▸ **What the exercise asks**: When you transcribe the entries below, keep the wording exact and omit the pictures.

Brief descriptive captions:
'''

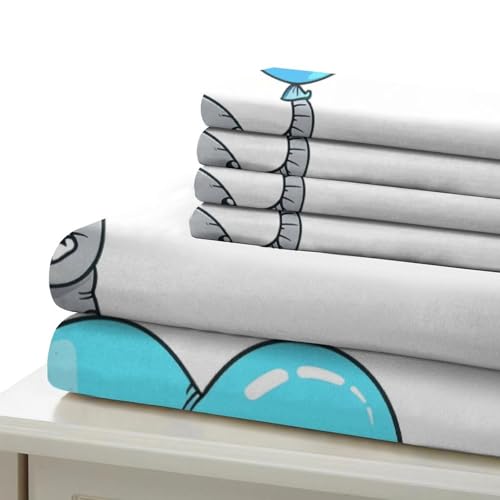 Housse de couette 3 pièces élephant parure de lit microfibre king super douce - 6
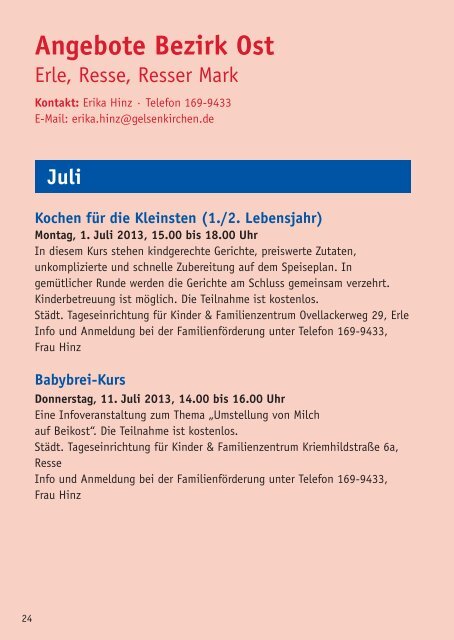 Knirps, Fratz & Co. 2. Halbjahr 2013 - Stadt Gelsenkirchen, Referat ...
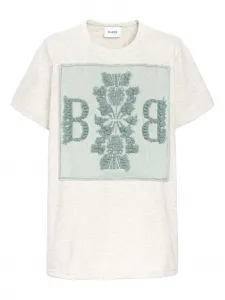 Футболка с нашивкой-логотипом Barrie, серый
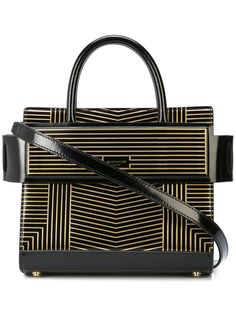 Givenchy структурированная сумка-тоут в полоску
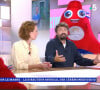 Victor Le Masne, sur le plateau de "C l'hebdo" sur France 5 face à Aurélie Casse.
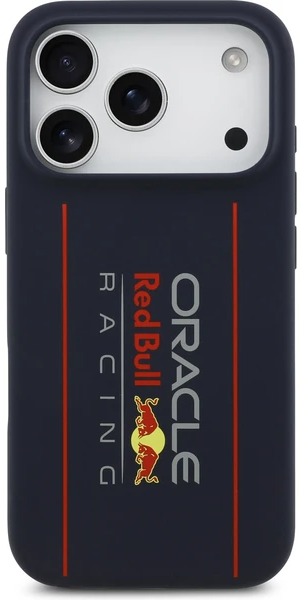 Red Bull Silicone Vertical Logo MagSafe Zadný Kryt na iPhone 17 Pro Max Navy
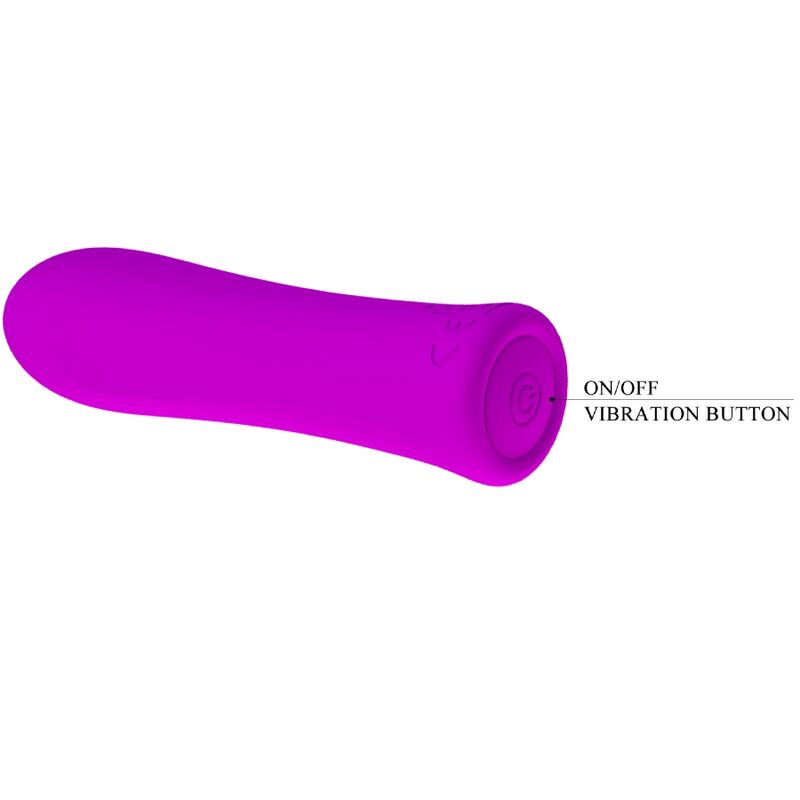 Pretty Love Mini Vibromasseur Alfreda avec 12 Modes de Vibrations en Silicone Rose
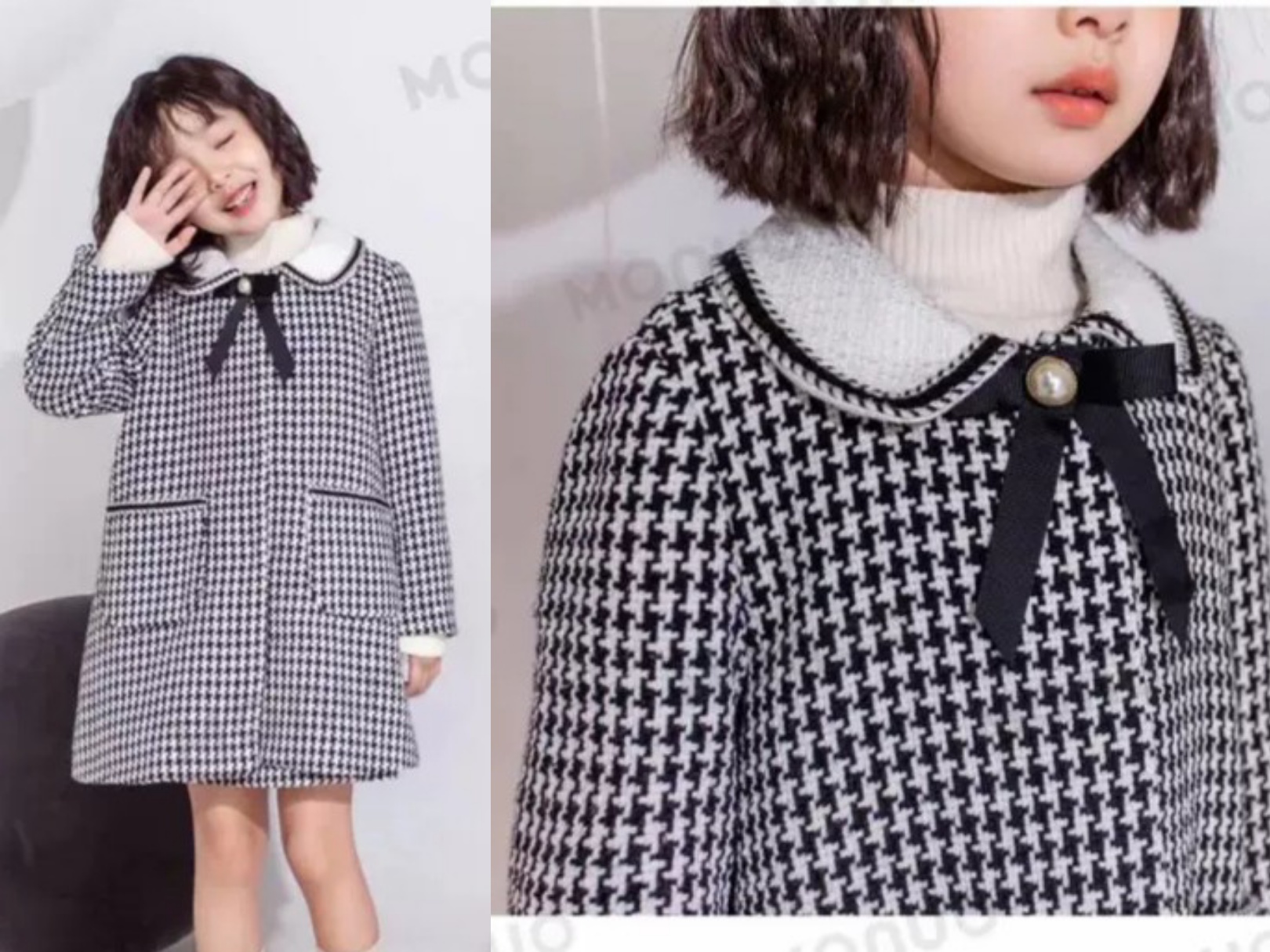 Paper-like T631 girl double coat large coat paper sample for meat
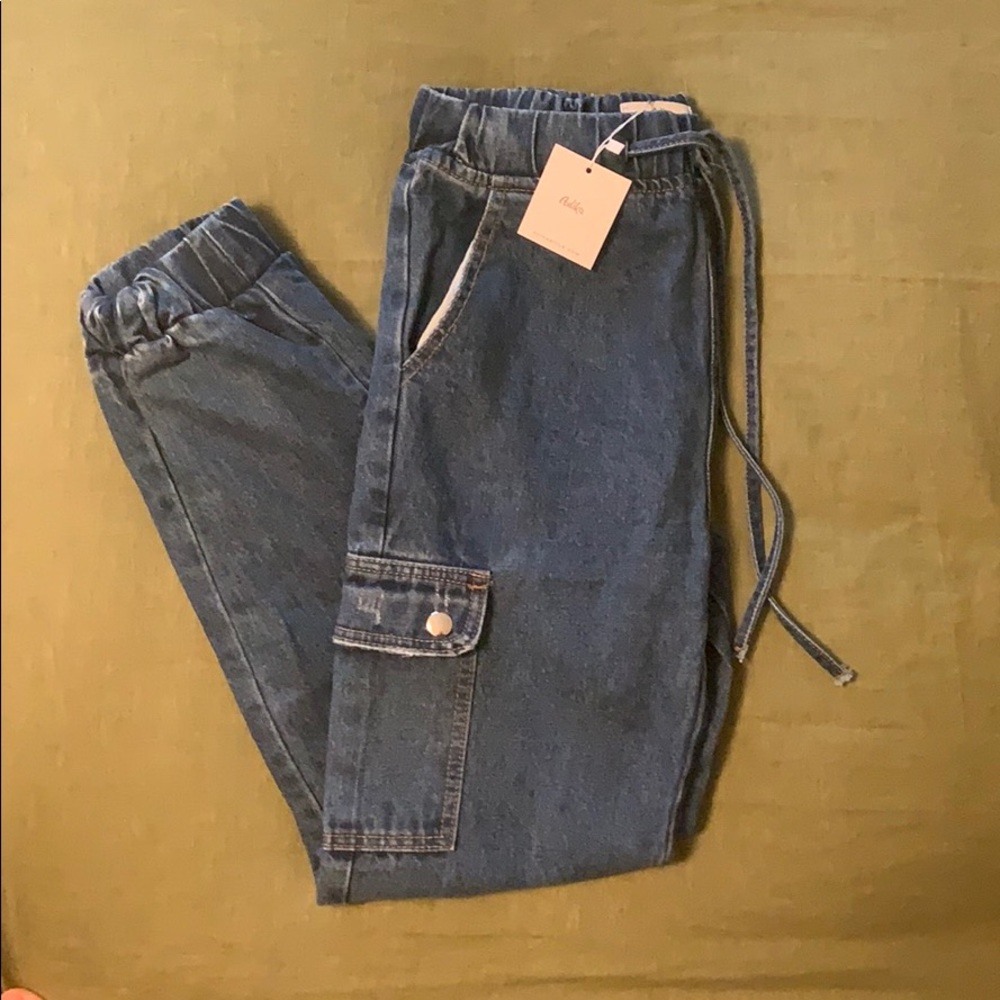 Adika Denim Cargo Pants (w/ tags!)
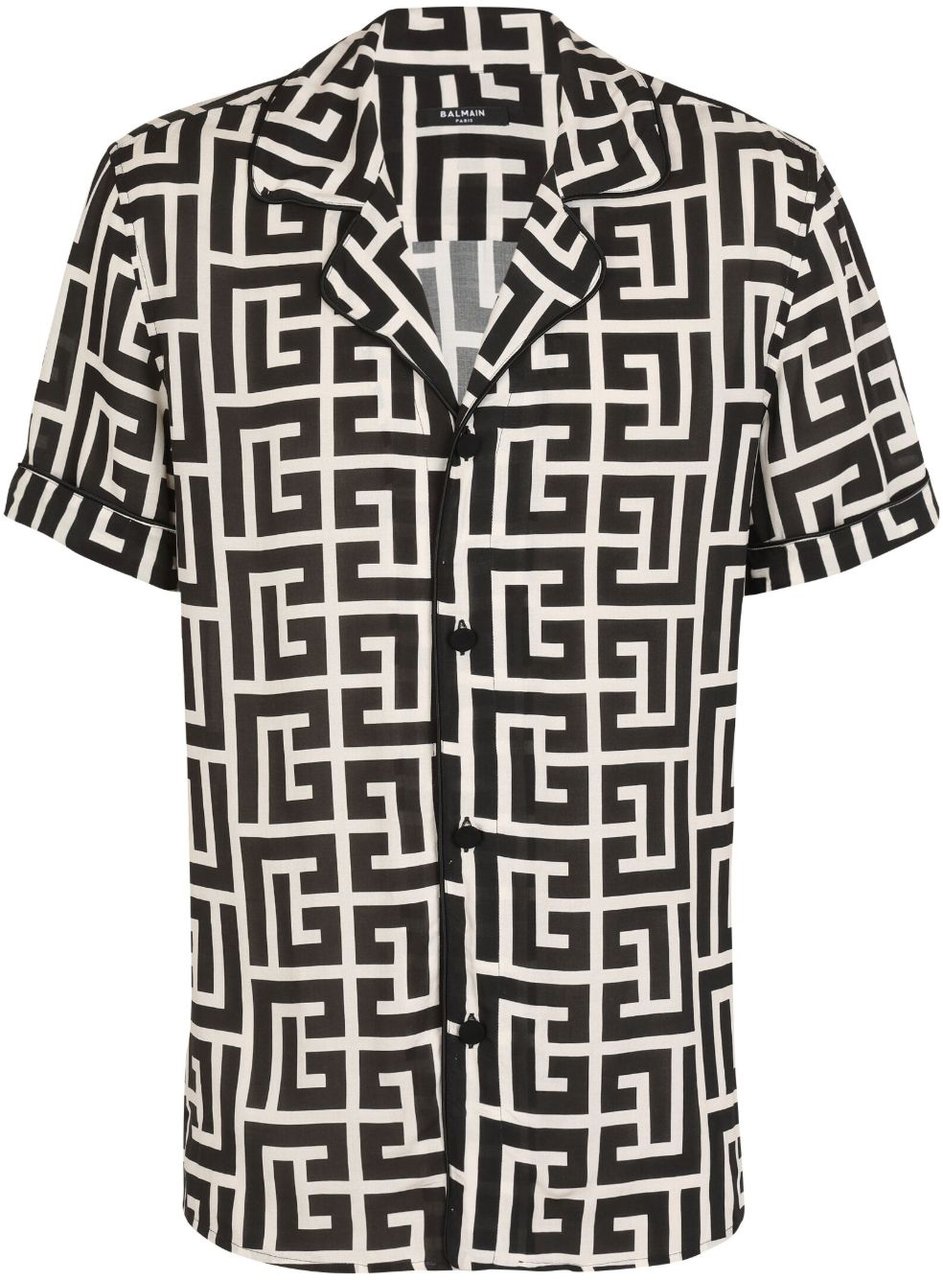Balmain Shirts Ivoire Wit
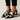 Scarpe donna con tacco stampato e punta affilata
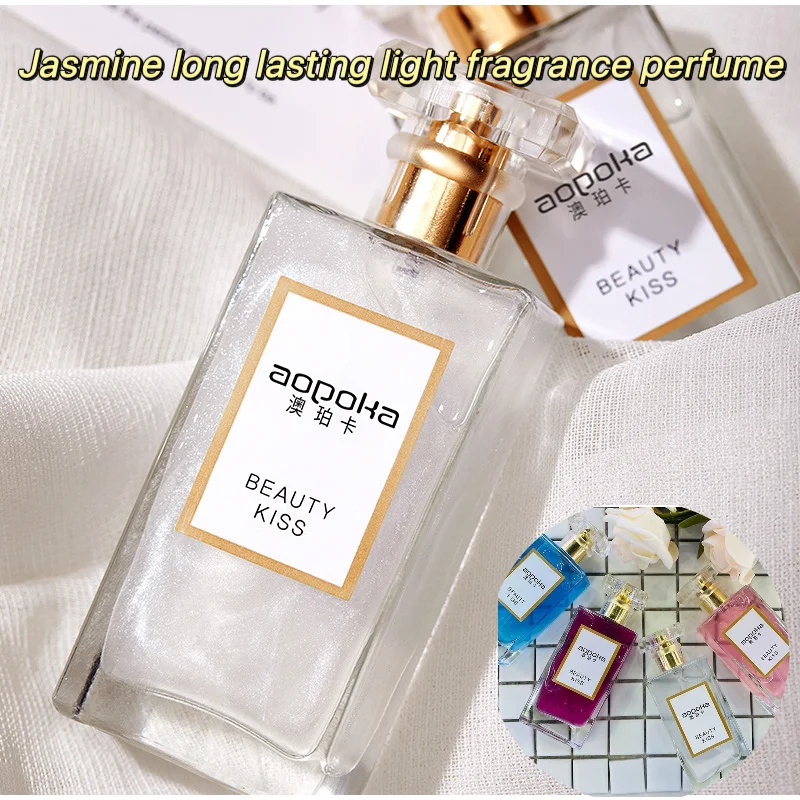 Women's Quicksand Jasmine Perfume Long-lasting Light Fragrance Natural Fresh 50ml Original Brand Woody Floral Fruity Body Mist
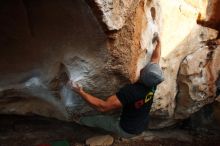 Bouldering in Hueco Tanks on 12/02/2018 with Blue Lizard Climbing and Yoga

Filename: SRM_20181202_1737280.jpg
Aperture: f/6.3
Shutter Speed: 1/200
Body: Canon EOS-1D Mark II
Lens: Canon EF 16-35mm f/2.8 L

'''

▸ **Answer to this task**:
 Housse de couette 3 pièces élephant parure de lit microfibre king super douce - 6
 Knirps, Fratz & Co. 2. Halbjahr 2013 - Stadt Gelsenkirchen, Referat ...
 Футболка с нашивкой-логотипом Barrie, серый
 Givenchy структурированная сумка-тоут в полоску
 Victor Le Masne, sur le plateau de "C l'hebdo" sur France 5 face à Aurélie Casse.
 Red Bull Silicone Vertical Logo MagSafe Zadný Kryt na iPhone 17 Pro Max Navy
 Pretty Love Mini Vibromasseur Alfreda avec 12 Modes de Vibrations en Silicone Rose
 Paper-like T631 girl double coat large coat paper sample for meat
 Adika Denim Cargo Pants (w/ tags!)
Balmain Shirts Ivoire Wit
 Scarpe donna con tacco stampato e punta affilata
 Women's Quicksand Jasmine Perfume Long-lasting Light Fragrance Natural Fresh 50ml Original Brand Woody Floral Fruity Body Mist
 Bouldering in Hueco Tanks on 12/02/2018 with Blue Lizard Climbing and Yoga

Filename: SRM_20181202_1737280.jpg
Aperture: f/6.3
Shutter Speed: 1/200
Body: Canon EOS-1D Mark II
Lens: Canon EF 16-35mm f/2.8 L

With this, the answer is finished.